The 27-year-old guard, originally drafted in the second round (No. 38 overall) by the Detroit Pistons back in 2014, has developed into a key contributor since arriving in Brooklyn in 2016 and was poised for a breakout season in 2020-21.

Dinwiddie saw his first significant action in 2017, averaging 28.8 minutes per night while starting 58-of-80 games. He continued his ascent in a reserve role again in 2018 before being thrust back into the starting lineup for 49 games last season, where he averaged career-bests in minutes (31.2), points (20.6), total rebounds (3.5) and assists (6.8) per game.

While the volume was on the uptick in 2019, his shooting efficiency (.415% from the field and .778% from the free-throw line) would have been areas of improvement to take his game to the next level this season, though now Dinwiddie won’t have the chance.

How will the Nets replace Dinwiddie? That’s the million-dollar question for anyone who picked the Nets to come out of the Eastern Conference this season. Though it may seem like it, the answer isn’t as simple as inserting fifth-year hybrid Caris LeVert into the starting lineup, as he has now assumed the leadership role of Brooklyn’s second unit.
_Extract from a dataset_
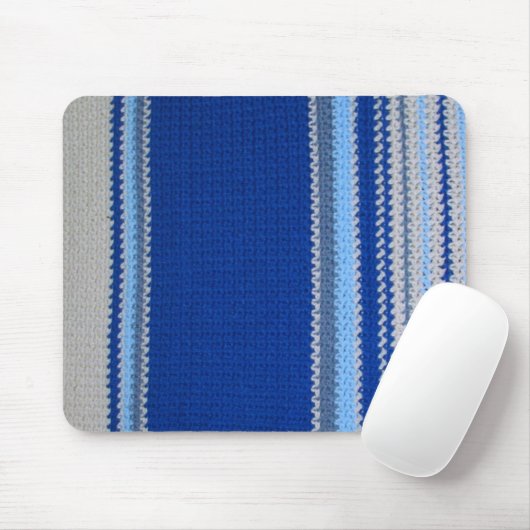 Mousepad - Blaue Streifen in Crochet (Mit Mouse)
Though this is gut-wrenching news for the Nets, Brooklyn can take one positive from this situation: they have a rotation that spans 10 players deep. This is where the team’s “next man up” mentality comes into play. With options like Landry Shamet, Timothe Luwawu-Cabarrot and Tyler Johnson coming off of the bench, the Nets may not miss a step this season, even with Dinwiddie’s absence.